- _Directions for this task_
Copy out the data exactly, leaving the pictures behind.

- _Supplied material_
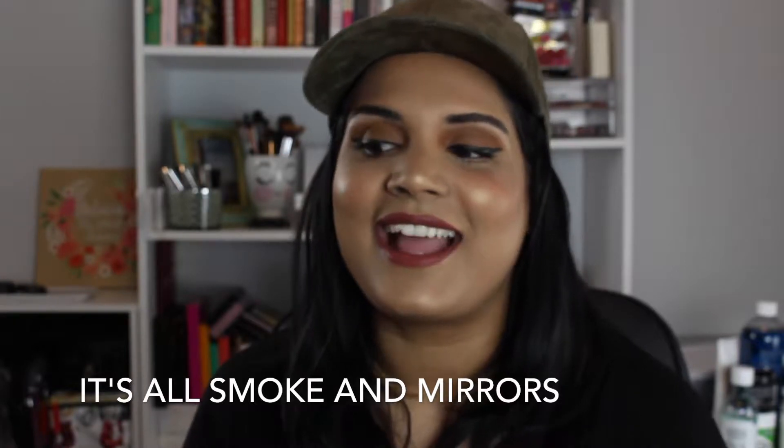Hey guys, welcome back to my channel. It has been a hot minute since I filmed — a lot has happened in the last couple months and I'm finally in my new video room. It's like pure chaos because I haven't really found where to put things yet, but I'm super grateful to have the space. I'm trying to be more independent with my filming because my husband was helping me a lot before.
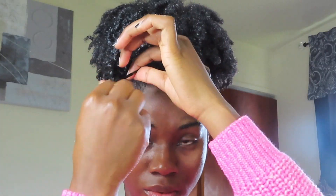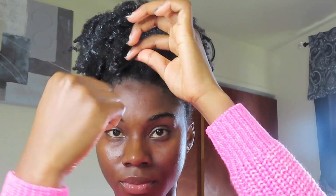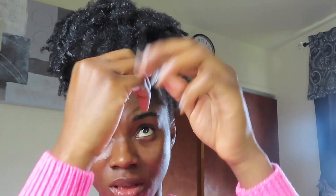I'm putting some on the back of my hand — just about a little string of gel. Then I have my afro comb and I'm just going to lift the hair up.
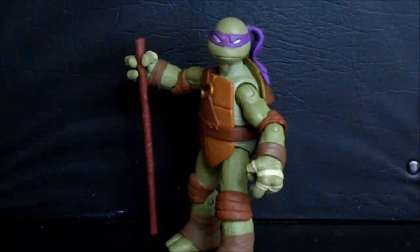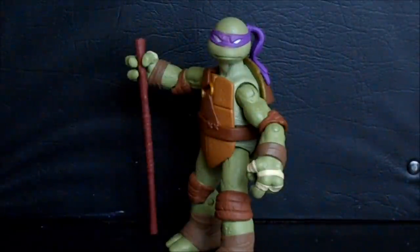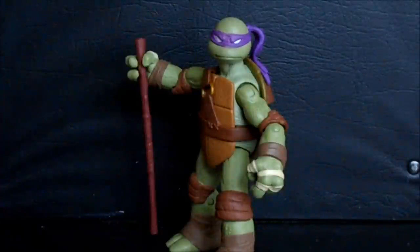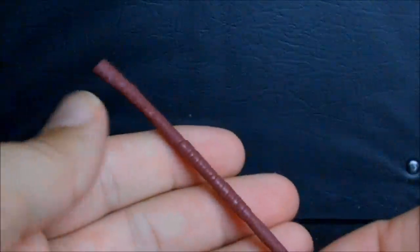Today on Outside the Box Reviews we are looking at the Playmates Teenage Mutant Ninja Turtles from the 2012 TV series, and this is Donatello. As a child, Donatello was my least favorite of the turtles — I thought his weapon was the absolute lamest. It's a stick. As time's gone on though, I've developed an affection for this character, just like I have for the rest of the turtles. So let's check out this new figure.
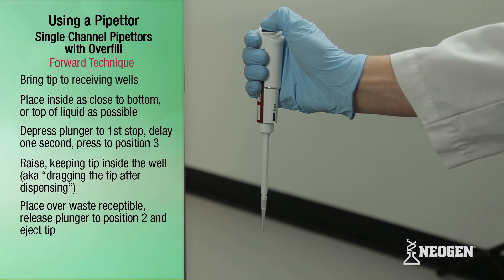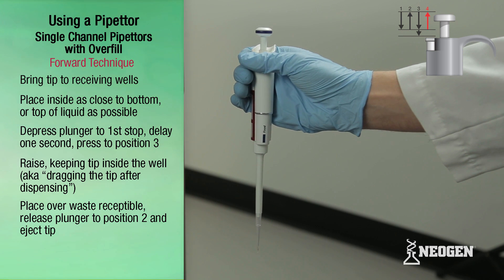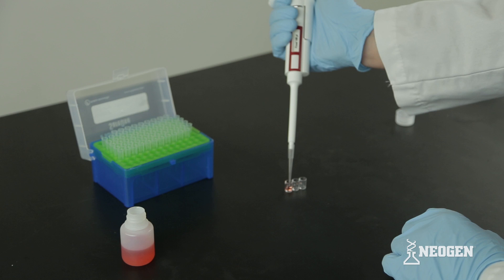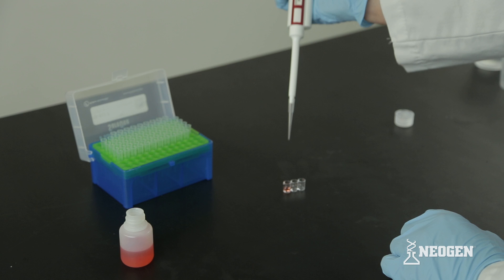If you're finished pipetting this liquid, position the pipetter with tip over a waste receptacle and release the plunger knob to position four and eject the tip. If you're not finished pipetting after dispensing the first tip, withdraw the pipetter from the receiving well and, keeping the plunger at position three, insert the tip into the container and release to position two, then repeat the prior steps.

- _Task solution_
Hey guys, welcome back to my channel. It has been a hot minute since I filmed — a lot has happened in the last couple months and I'm finally in my new video room. It's like pure chaos because I haven't really found where to put things yet, but I'm super grateful to have the space. I'm trying to be more independent with my filming because my husband was helping me a lot before.
I'm putting some on the back of my hand — just about a little string of gel. Then I have my afro comb and I'm just going to lift the hair up.
Today on Outside the Box Reviews we are looking at the Playmates Teenage Mutant Ninja Turtles from the 2012 TV series, and this is Donatello. As a child, Donatello was my least favorite of the turtles — I thought his weapon was the absolute lamest. It's a stick. As time's gone on though, I've developed an affection for this character, just like I have for the rest of the turtles. So let's check out this new figure.
If you're finished pipetting this liquid, position the pipetter with tip over a waste receptacle and release the plunger knob to position four and eject the tip. If you're not finished pipetting after dispensing the first tip, withdraw the pipetter from the receiving well and, keeping the plunger at position three, insert the tip into the container and release to position two, then repeat the prior steps.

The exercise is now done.